• Data segment
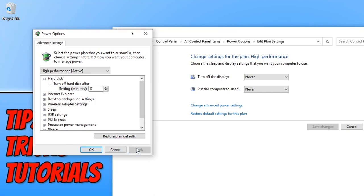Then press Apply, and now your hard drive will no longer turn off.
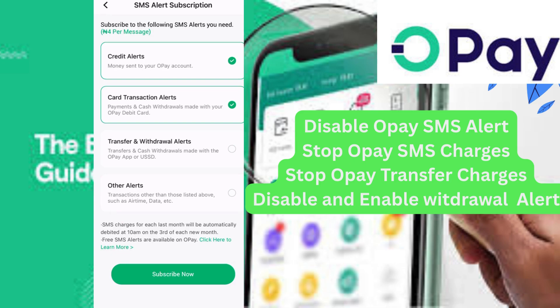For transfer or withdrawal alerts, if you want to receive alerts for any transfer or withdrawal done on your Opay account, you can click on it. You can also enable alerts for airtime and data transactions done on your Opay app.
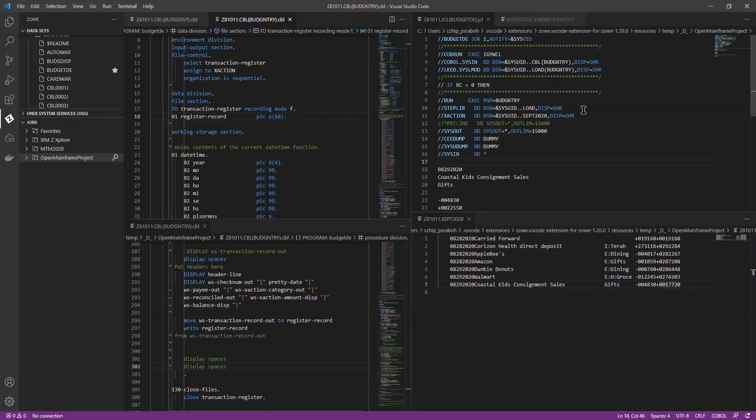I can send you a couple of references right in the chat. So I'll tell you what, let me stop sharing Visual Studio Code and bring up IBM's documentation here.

• Instructions to follow
Give the data back exactly, omitting all pictures.

• Task response
Then press Apply, and now your hard drive will no longer turn off.
For transfer or withdrawal alerts, if you want to receive alerts for any transfer or withdrawal done on your Opay account, you can click on it. You can also enable alerts for airtime and data transactions done on your Opay app.
I can send you a couple of references right in the chat. So I'll tell you what, let me stop sharing Visual Studio Code and bring up IBM's documentation here.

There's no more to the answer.